Speaking to BBC News the UK Chancellor Rishi Sunak said that due to the COVID-19 pandemic, there will be extension until October this year for the UK scheme to pay wages of workers who are on leave. The extension of the scheme is called the Coronavirus Job Retention Scheme.
Currently, it has cost £14 billion ($24.4 billion) per month to finance the wage scheme which covered for a quarter of the workforce of around 7.5 million people.
Workers will continue to be paid 80 per cent of their monthly wages up to £2,500 (S$4,350), as confirmed by Mr Sunak. He added that the state will request companies to “start sharing” the cost of the scheme starting from August.
From August, for all sectors and regions, the scheme would continue but with better flexibility to assist the transition back to work, Mr Sunak explained.
Employers utilising the scheme right now can eventually bring furloughed employees back as part-time workers.
Mr Sunak has said that he will slowly strive to reduce the cost of subsidy to the taxpayer, but full details are still being finalised. However, the Treasury still expects to be paying more than half the costs between August and Octoner, according to sources that spoke to the BBC.
Earlier on Tuesday (12 May), Mr Sunak told BBC that the number of job losses “breaks my heart” and he is “working night and day to limit the amount of job losses.”
Addressing the Commons, the Chancellor stated: “I’m extending the scheme because I won’t give up on the people who rely on it.”
He also assured the support towards the people: “Our message today is simple: we stood behind Britain’s workers and businesses as we came into this crisis, and we will stand behind them as we come through the other side.”
Although the cost of the scheme has fuelled concerns, Mr Sunak clarified last week that it could not continue the way it is now. He added that to avoid a so-called “cliff edge” where employers resort to mass redundancies, he was under pressure to announce changes soon.
Before the furlough scheme ends in June, 18 May was the last date for companies to start the process of running 45-day consultation if they want to slash more than 100 jobs.
Concerns by some people of employees being “addicted” to furlough if it was extended was rejected by Mr Sunak.
“Nobody who is on the furlough scheme wants to be on this scheme. People up and down this country believe in the dignity of their work, going to work, providing for their families, it’s not their fault their business has been asked to close or asked to stay at home,” he reminded.
Echoing a similar sentiment, the changes are generally welcomed by Shadow chancellor Anneliese Dodds who said that things are “at least we are moving in the right direction”. However, the “big elephant in the room” is the concern of what the state’s employer contribution will involve, being that the “critical point” of the matter is “any changes to the scheme must not result in any spike in unemployment”, she stressed.
Patrick Langmaid, who is Director of Mother Ivey’s Bay Holiday Park near Padstow in Cornwall, told the BBC that the extension of the furlough scheme would still make it unlikely that he would stop making people redundant from his holiday park.
Nine of his workers are still working whereas seven workers have been furloughed. The few staff employed seasonally have also been let go.

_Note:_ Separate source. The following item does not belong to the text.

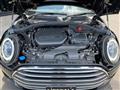 2022 BMW MINI Clubman
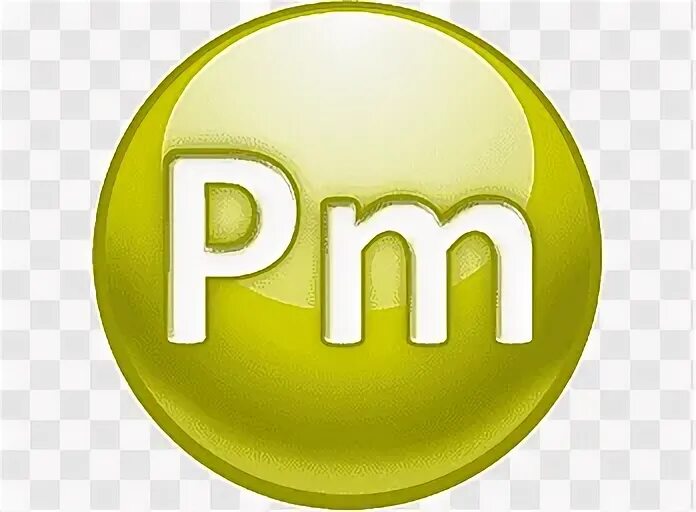 Adobe pagemaker. Adobe PAGEMAKER логотип. Adobe PAGEMAKER иконка. Иконка эдоб пэйджмэйкер. Publisher, PAGEMAKER значки.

On the other hand, the extension is welcomed by mainly businesses. The British Chambers of Commerce, a business group stated that employers and workers would have “significant relief” through the scheme.
By October, the scheme will have amounted to almost £100 billion, according to the estimates by Paul Johnson, who is the Director of the Institute of Fiscal Studies economic think tank. Around a total of 935,000 businesses registered for the scheme.
Looking at the facebook page of BBC News, there comments of all kinds posted by users. There are those that are glad that the furlough is extended as income still rolls in despite the leave from work. Others point out that it is not by choice that they are now unable to work, so losing a source of income when they truly want to earn is something beyond their control. Thus, the furlough extension will prove to be helpful for these people who may be facing financial hardship during this pandemic.
On the other hand, amidst the warm welcome of the furlough extension. For instance, Sammie Hilton and Thomas Gilbeert also highlight a lateral issue of the frontliners getting a pay rise during this critical time as people are giving flak about the matter. People are upset that they are out of work without income and that frontliners are instead getting a bonus. This feeds into the furlough situation where workers are getting paid but without doing any work.